The price of a bond fluctuates depending on factors such as interest rates, maturity of the bond, credit rating of the bonds, liquidity, supply and demand and general market conditions.
Bonds can have a fixed interest rate or a floating interest rate pegged to the treasury rate, LIBOR or other standard interest rate index.
Bonds can also be zero-coupon. This essentially means that interest is not paid during the life of the bond but only when the bond matures.
A bond’s yield refers to the return earned on the bond based on its interest rate and price paid.

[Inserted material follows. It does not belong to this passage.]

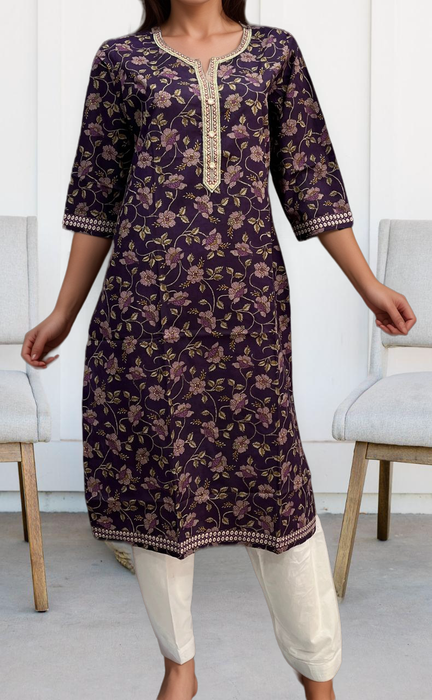 Violet Garden Jaipuri Cotton Kurti. Pure Versatile Cotton. | Laces and Frills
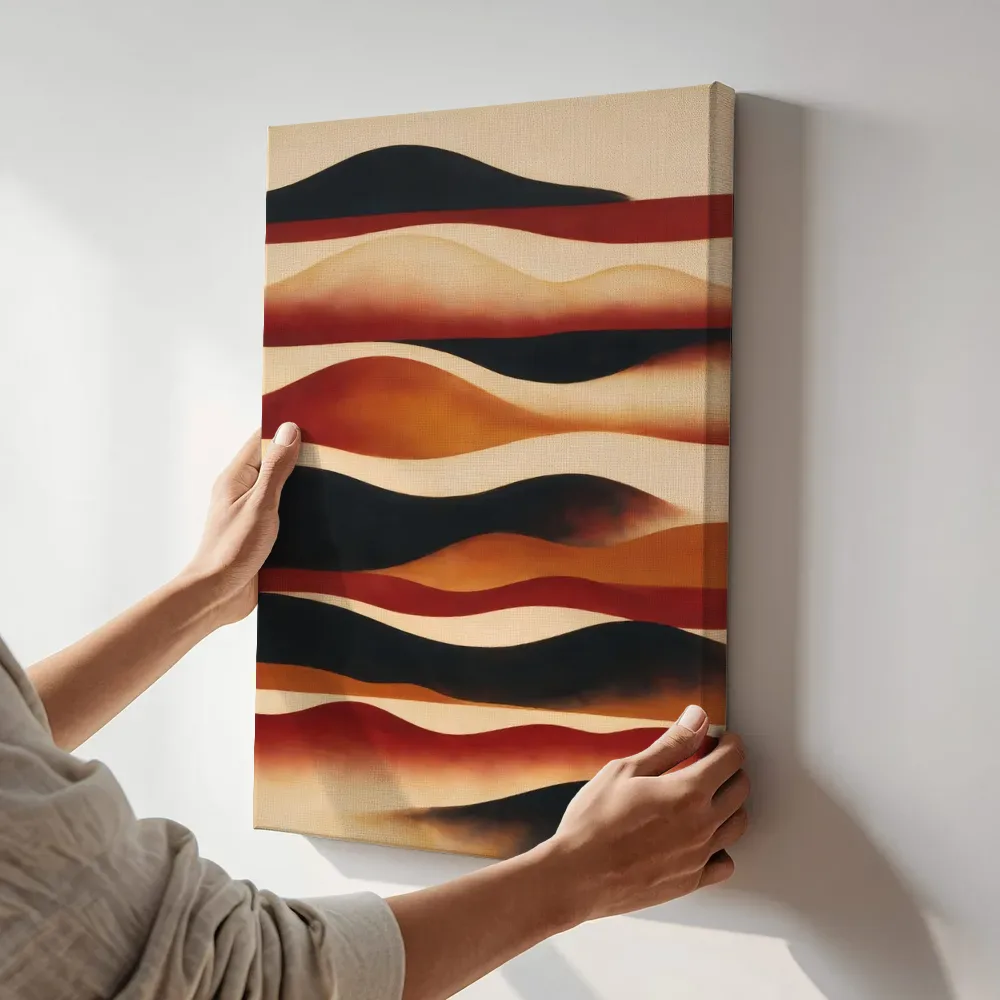 Sfeerimpressie: Golvende banen Textured Minimalism 5 terwijl het aan de muur wordt gehangen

Bonds can be of various maturities – short term which are generally 1 to 5 years, medium term which are 5 to 12 years and long term which are for maturities of longer than 12 years and generally upto 30 years.
Bonds can have call and put provisions. The bond issuer can specify a price and date that the bond can be redeemed before maturity. Such callable bonds generally have higher interest rates. Bonds that have a put option allow the bond purchaser to sell the bond to the issuer at a price and date before maturity. Such bonds generally have lower interest rates since the risk to the purchaser is less.
Companies may issue bonds that are convertible to stock. These bonds also have a lower interest rate since they may be converted to stocks.